Un año más la feria ha sucedido. Si tenemos en cuenta la cantidad de humanos por metro cuadrado, la proporción de criaturas bebidas o fumadas o ambas cosas, quienes se intoxican el cuerpo por primera vez, les sumamos todas y todos aquellos que llegan a la capital del sur como rito iniciático bajo el terral para hacer todo lo antes descrito, si consideramos todo esto, la feria ha sido un remanso de paz y buen rollo donde no ha sucedido nada. Al menos, hasta las doce del domingo que es cuando me he sentado a escribir este artículo.
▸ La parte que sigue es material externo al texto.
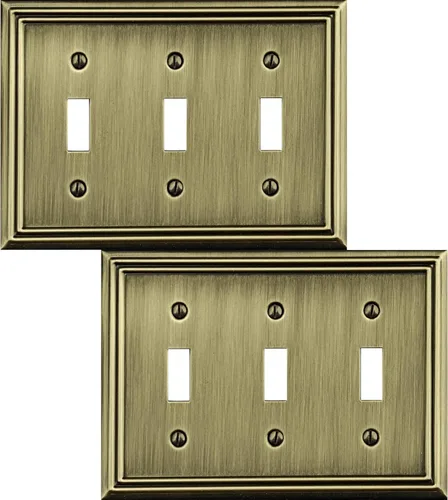 Vista 9 de OKAWYC Cubierta Individual en Blanco para Interruptor de Luz Placa de Pared de Metal Adler, Paquete de 4 Latón Antiguo 1 Gang, Cubierta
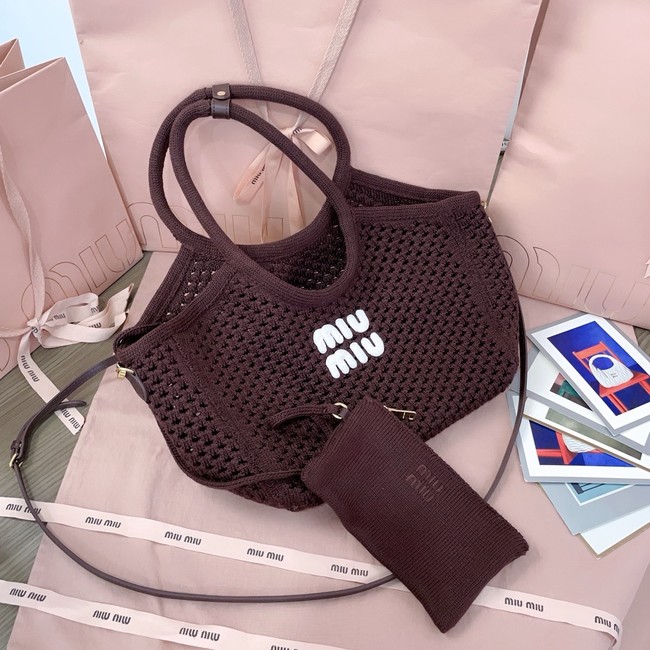 MIUMIU woven tote bag 5GB281 dark brown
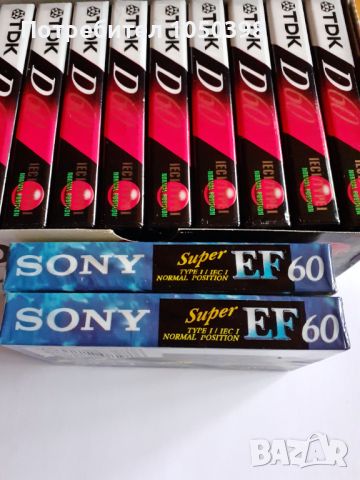 Аудио касети Нови запечатани TDK D60, SONY EF60-Японски в оригинална опаковка- НОВИ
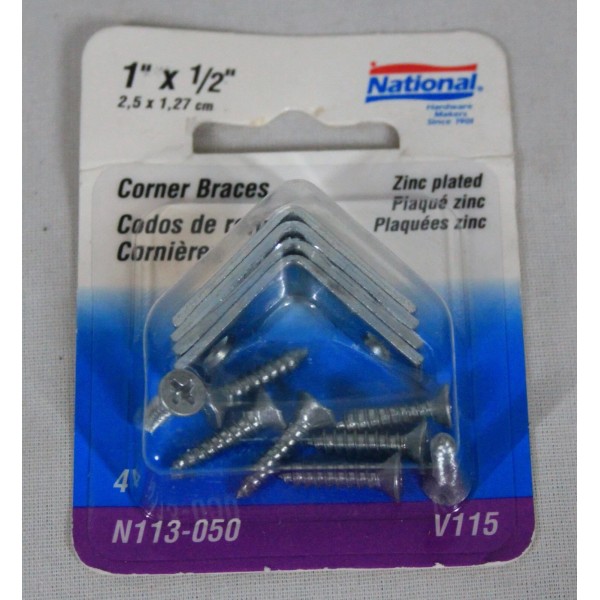 NATIONAL HARDWARE STEEL CORNER BRACE #N113-050- 1" x 1/2" (4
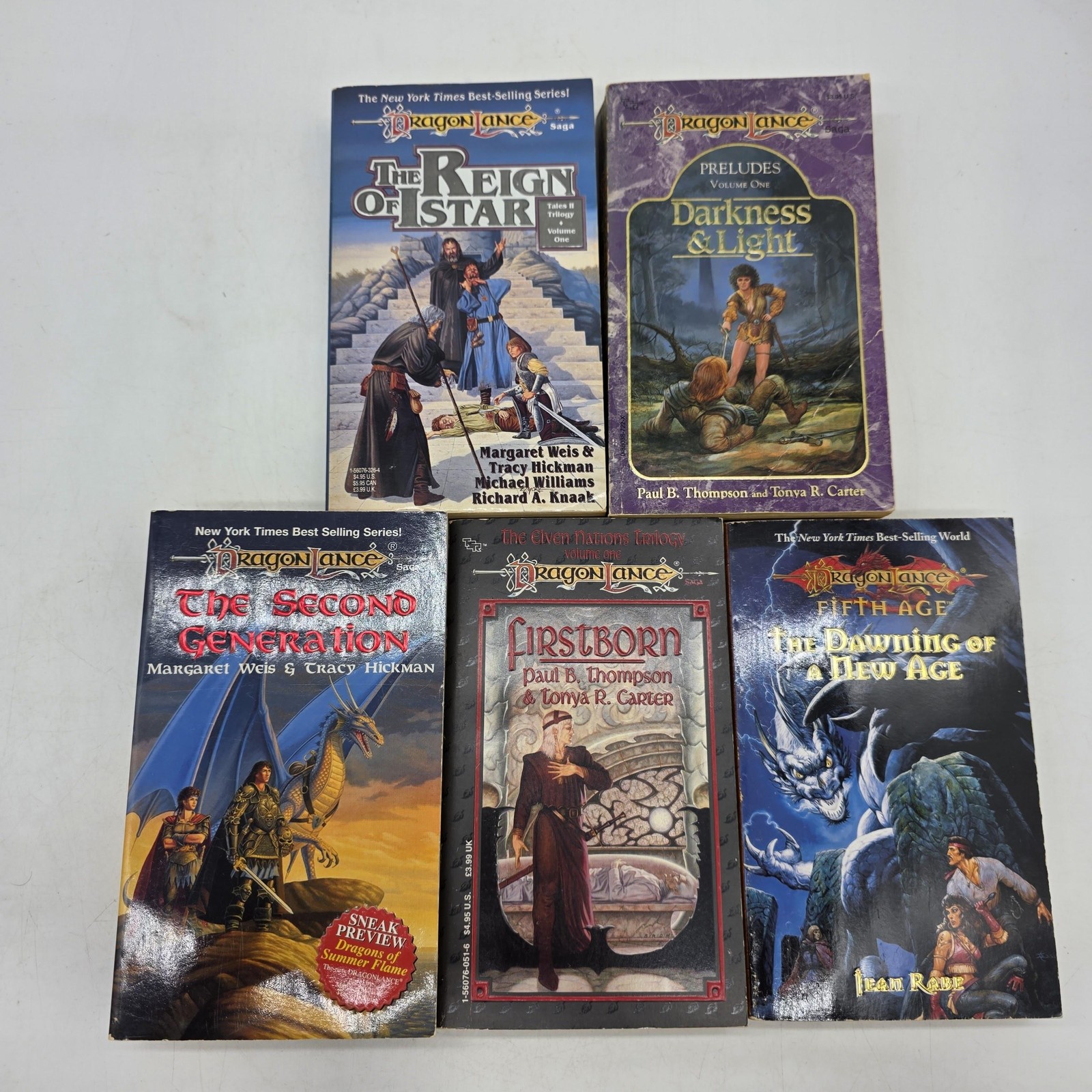 Vintage Dragonlance Reign Of Istar Weis TSR PB Lot Fantasy Novels Multicolor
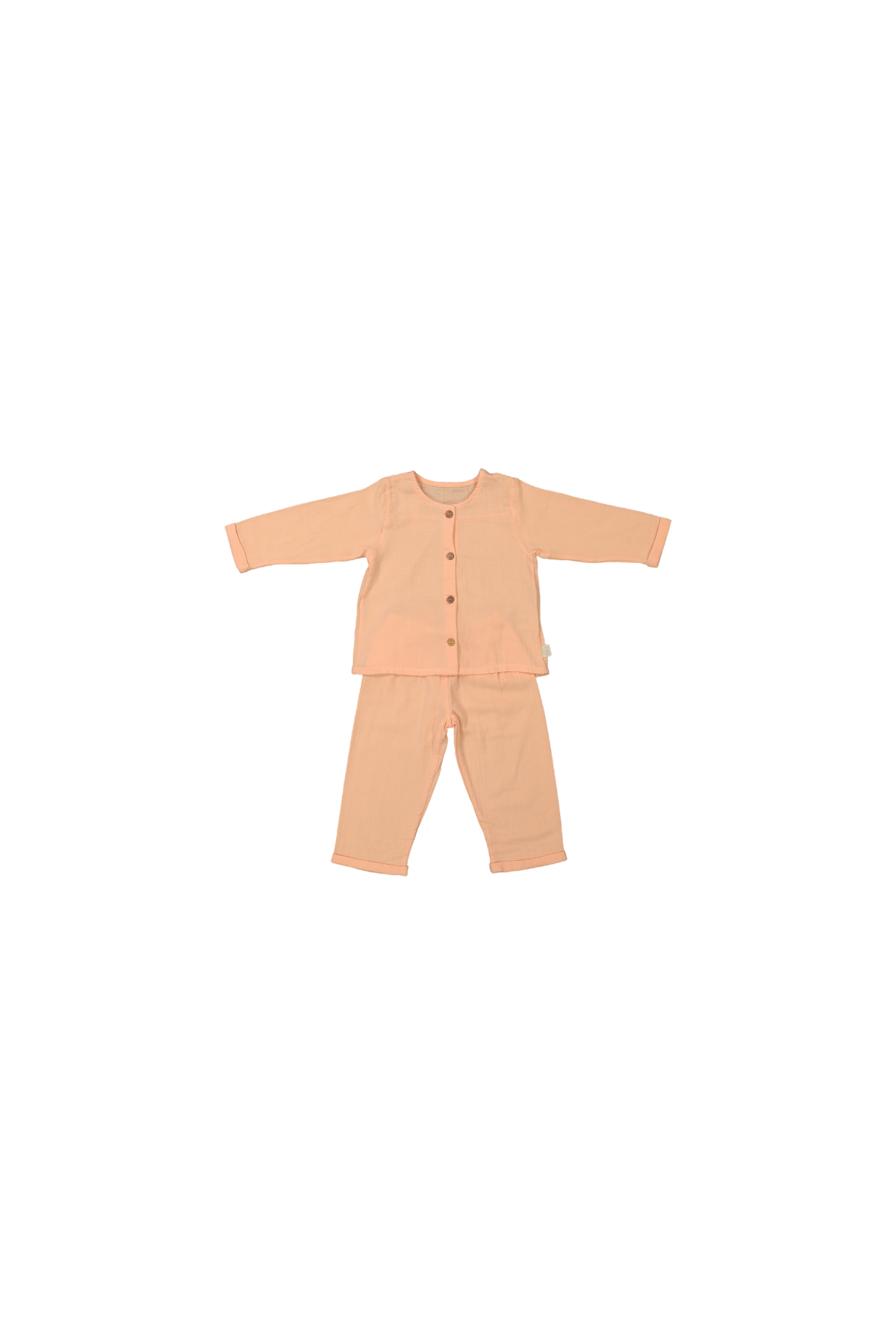 pijama infantil de dos piezas en gasa de algodón orgánico con botones de madera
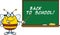 Pudgy Bee Cartoon Character With Glasses With A Pointer In Front Of Blackboard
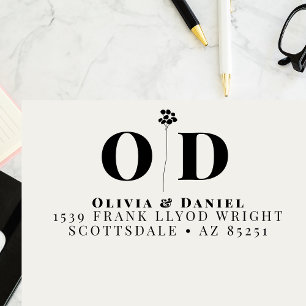 結婚のモノグラムエレガントカスタム差出人住所 セルフインキングスタンプ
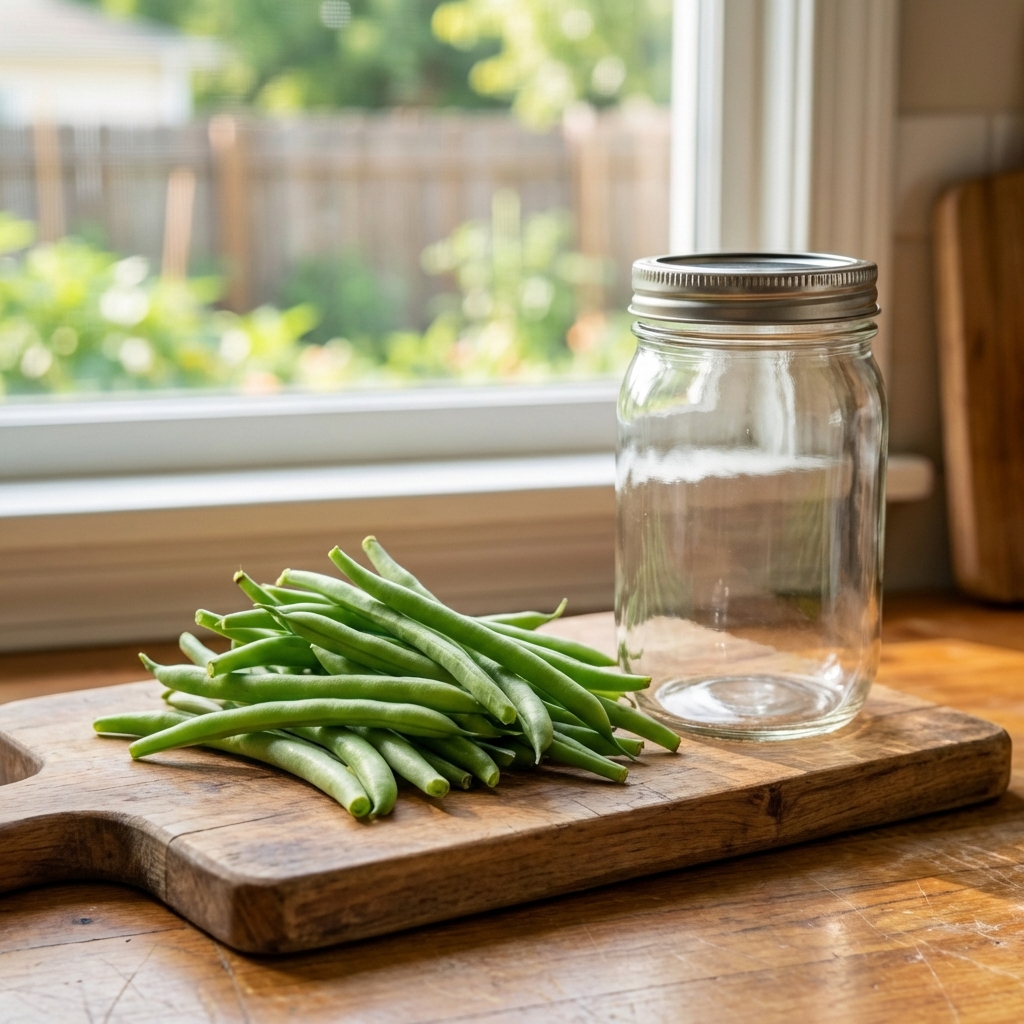 A real photo of fresh green beans on a cutting board with the stem ends trimmed, next to an empty clean jar
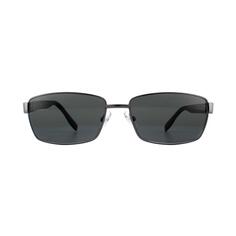 Прямоугольные тёмно-рутениевые чёрно-серые солнцезащитные очки Hugo Boss, серый
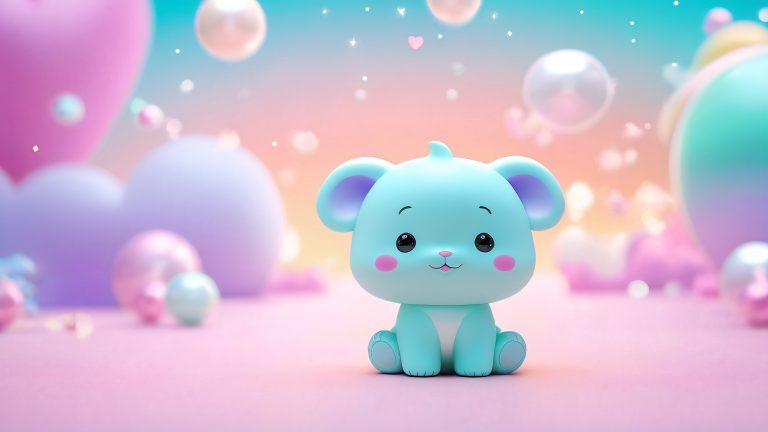 kawaii vinyl toys celestial wonderland wallpaper scaled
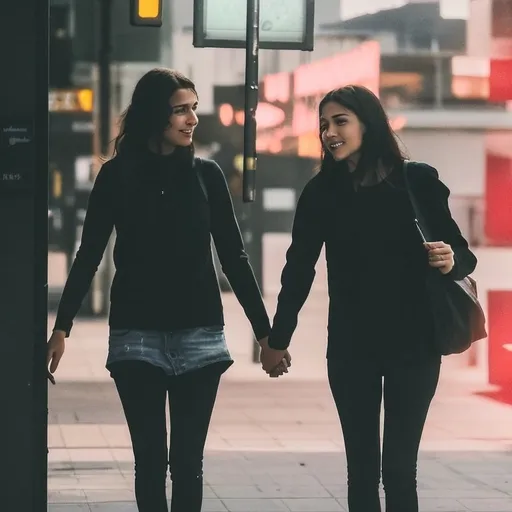 Prompt: Tall young woman walking down the high street, detailed clothing, realistic, natural lighting we are walking and cross each each other however, before we cross each other, she gives me a three second stare directly to my eyes, and she does a subtle smirk and looks away after that a black screen pops up with the words what would you do then the first image when we cross each other place again. The only difference is I ask her hi can you help me? Do you know where I can find a public supermarket? I’m not from around here. She smiles and accepts to help him and gives him instructions. She thinks for five seconds before letting him know then she gives him clear instructions. You have to walk three blocks down Harvey Avenue you make a right and you walk around 10 blocks. You’re gonna see it on the right hind side. And before she finishes, I let her know that she is very beautiful and I ask her for her number. She agrees I gave her my phone. She writes her number on my phone and I gave her a high five after that a black screen with a green checkmark and a chime sound.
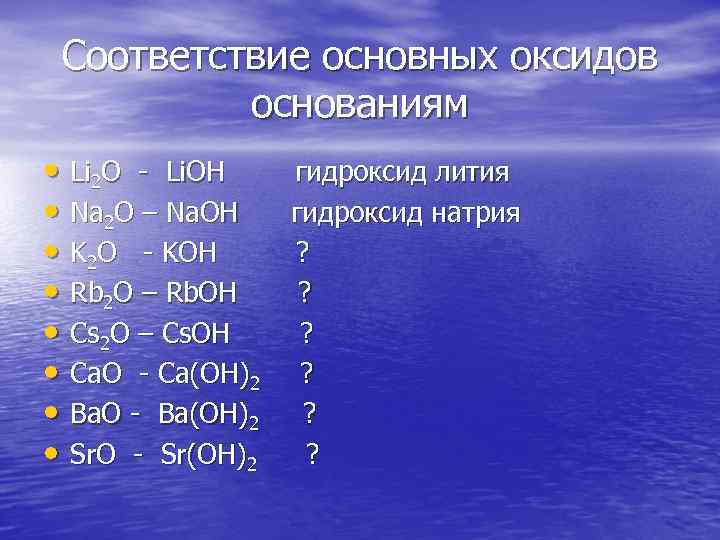 Соответствие основных оксидов основаниям • Li 2 O - Li. OH гидроксид лития •
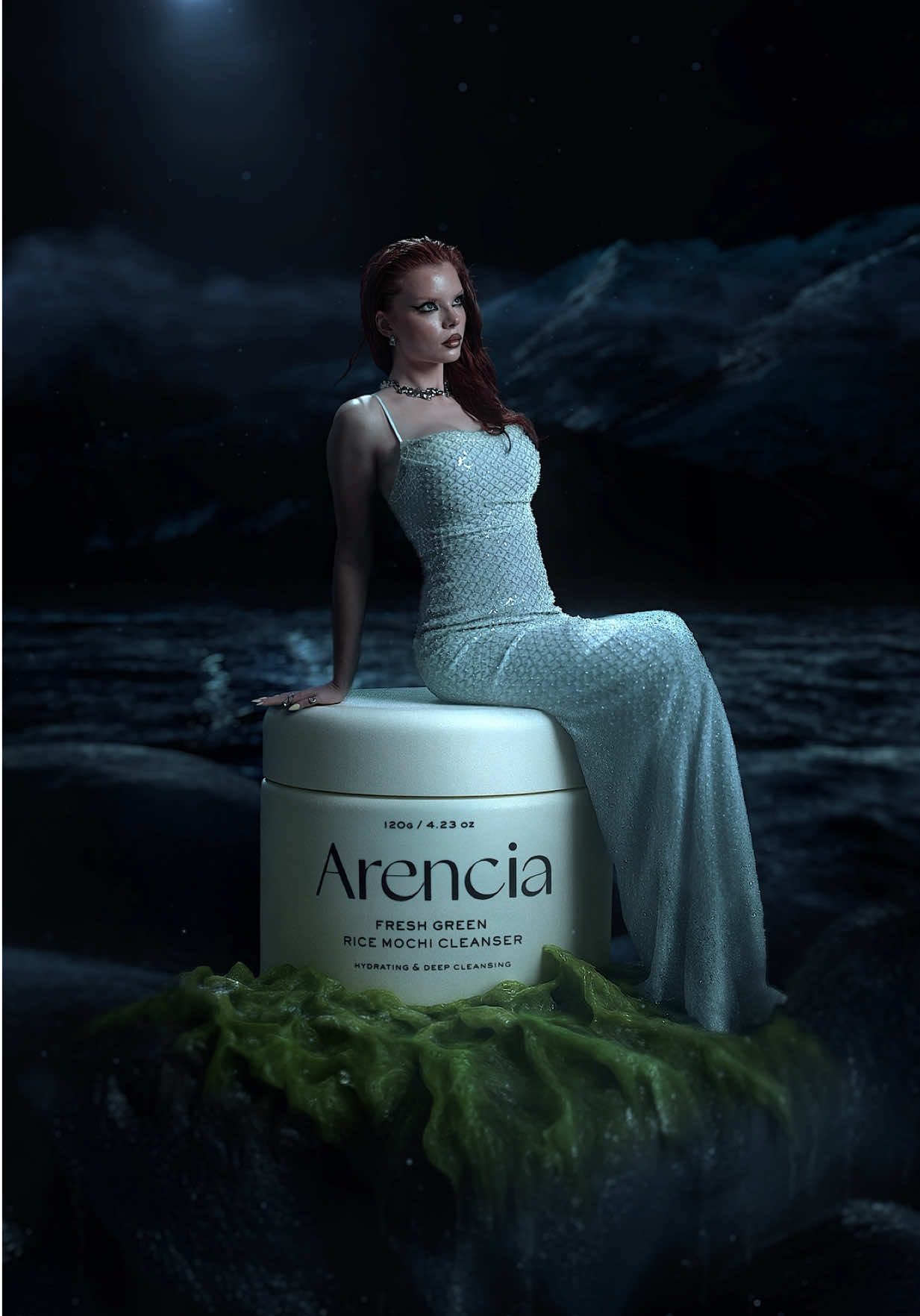 Siren glow and ocean-deep hydration using @Arencia 🌊 🩵 #Arencia #RiceMochiCleanser #MochiCleanser #Serum #Acne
Con la edad, uno se va haciendo dependiente de los ritos, eufemismo que evita calificarme como maniático. Málaga también va desarrollando sus costumbres que pretenden engañar el paso de los años a la vez que trincar billetes. Ser malagueño de a diario, de calle, casi una redundancia, es muy entretenido. Durante la última década nuestras autoridades han elaborado una agenda disuasora de todo aburrimiento. Si aquella aventura cantonal del XIX, tan grata a mi amigo el artista y polígrafo Don Carlos Miranda Mas, se hubiese asentado podríamos proclamar hoy un almanaque con nombres de meses malaguitas. Así, hoy sería 22 de Ferial, en mayúscula contra la ortografía castellana. Tras Escolar y Pluvial, vendría Santoral, predecesor de los festivos Luminal y Proposital, tan complejo para acabar con la cartilla del banco indemne, ambos con sus luces navideñas, regalos y cabalgatas de Reyes Magos, tan compatibles con toda cultura y religión. Ya hemos alcanzado Carnaval, al que sigue o no, Cuaresmal con sus procesiones, o Intermedial en caso de que no se produzcan tales eventos. Estos nombres serían intercambiables según el régimen de las lunas del año. Comunional daría paso a Moragal con esa noche del fuego en la playa bajo las luminarias de artificio. Luego, Turistal y Cruceral finalizarían este giro alrededor del sol que, en nuestra Málaga, más que astro rey, es presidente del banco.
Así llegan los dineros, entre chanclas y vomitonas, entre capirotes y cohetes. Don Francisco, como contable exprés, o a ojo, ya ha proclamado que la feria realizó un impacto de 55 millones de euros. Ante esas cantidades uno ya no sabe si la cosa ha ido bien o regular. Ojalá me impactarán 55 millones en toda la cara alguna vez en mi vida. Un tipo de Sevilla al que no conozco aunque tiene toda mi envidia trincó 54 a la lotería la semana anterior. Podría clausurar para él todo el centro de Málaga junto con el Cortijo de Torres y pulirse esos fajos durante una semana. Los malagueños hemos hecho como aquellas viudas de las posguerras españolas que alquilaban las habitaciones bien por horas, bien a huéspedes estables, un venero de imágenes para novelas y guiones desde el desastre de Cuba. Los chiquillos que saltaban de alegría cuando a aquella puerta tan temerosa del pecado acudía un señor de buena familia con su amante. Ese día disfrutaban de un almuerzo como el del niño en ese chiste de Paco Gandía, también resumido en vomitona como cualquier exceso al que poseen las ansias antes que la sensatez. Tenemos que fastidiarnos cuando esté ocupado el baño, o en el comedor haya alguien que use una colonia excesiva, o ronque como un motor viejo en el cuarto contiguo. Cuando se entrega la casa, quien paga manda.
Si al menos los huéspedes se percataran de la hermosa vajilla alojada en las vitrinas. Pero cuando la muchedumbre acude a un festejo crónico que se pregona desde Facebook en Twitter como un pasón y desenfreno, la ciudad y sus virtudes pasan a un tercer plano. Esa Málaga cultural que alabó hace pocos días The New York Times resulta invisible, incluso diría que incompatible. O un camino u otro. Nos hemos decidido por el otro. Felicitémonos, entonces, por el buen rollo y la eficacia policial que exhibe nuestra Málaga donde una aglomeración de tal magnitud y tan etílica no ha legado ningún cadáver en las aceras. Disfrutemos lo que a los malagueños nos queda de Ferial.